*Exercise description*. Retype, word for word, the line holding "2025 (25) VOLVO" and each line after it down to the end of the data; pictures are not copied.

*Recorded information*.
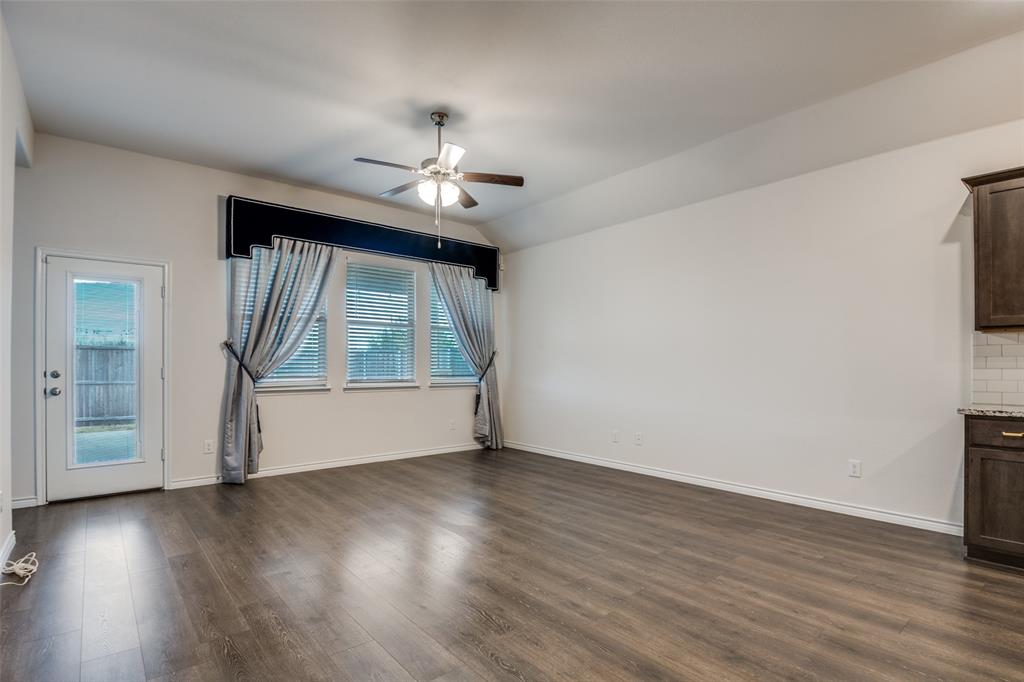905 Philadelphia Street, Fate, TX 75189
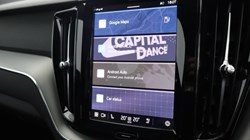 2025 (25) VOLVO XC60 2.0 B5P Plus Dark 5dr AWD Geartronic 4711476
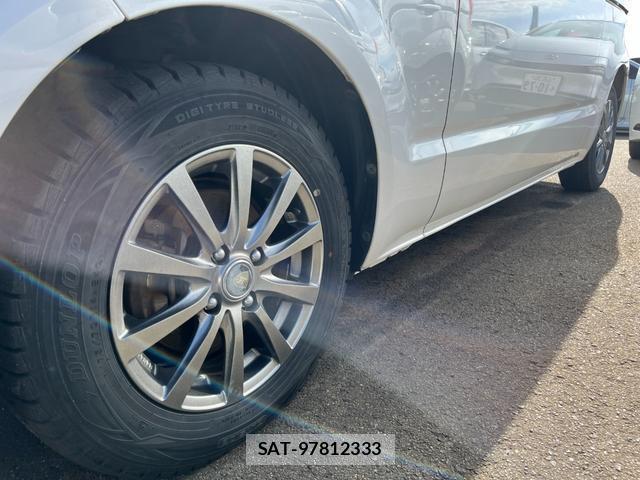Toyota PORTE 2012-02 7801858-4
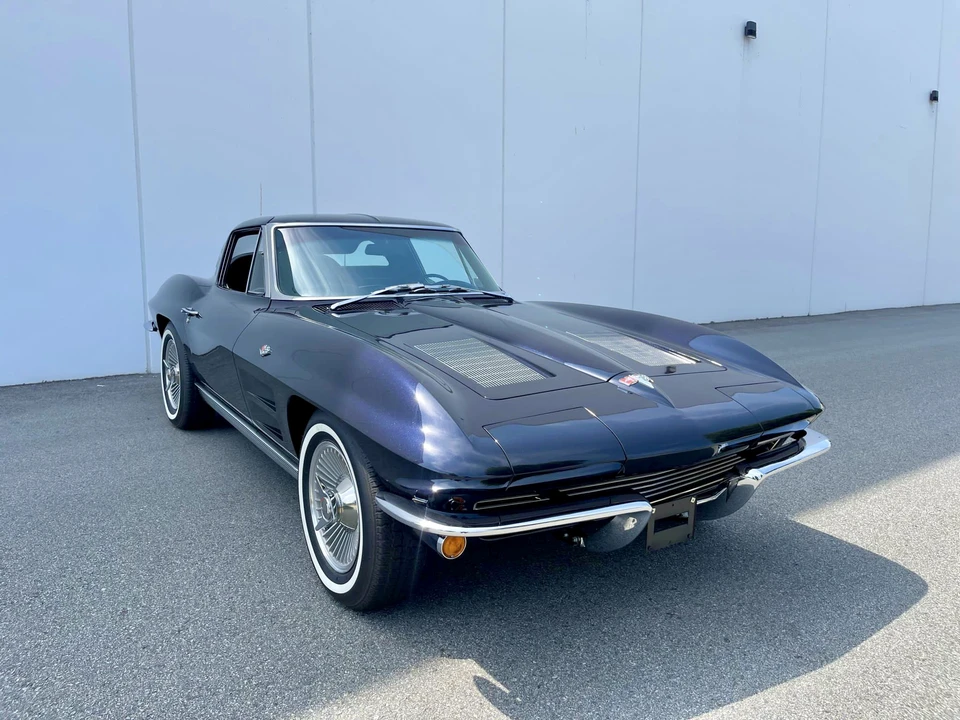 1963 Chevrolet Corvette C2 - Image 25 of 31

*Exercise output*.
 2025 (25) VOLVO XC60 2.0 B5P Plus Dark 5dr AWD Geartronic 4711476
Toyota PORTE 2012-02 7801858-4
 1963 Chevrolet Corvette C2 - Image 25 of 31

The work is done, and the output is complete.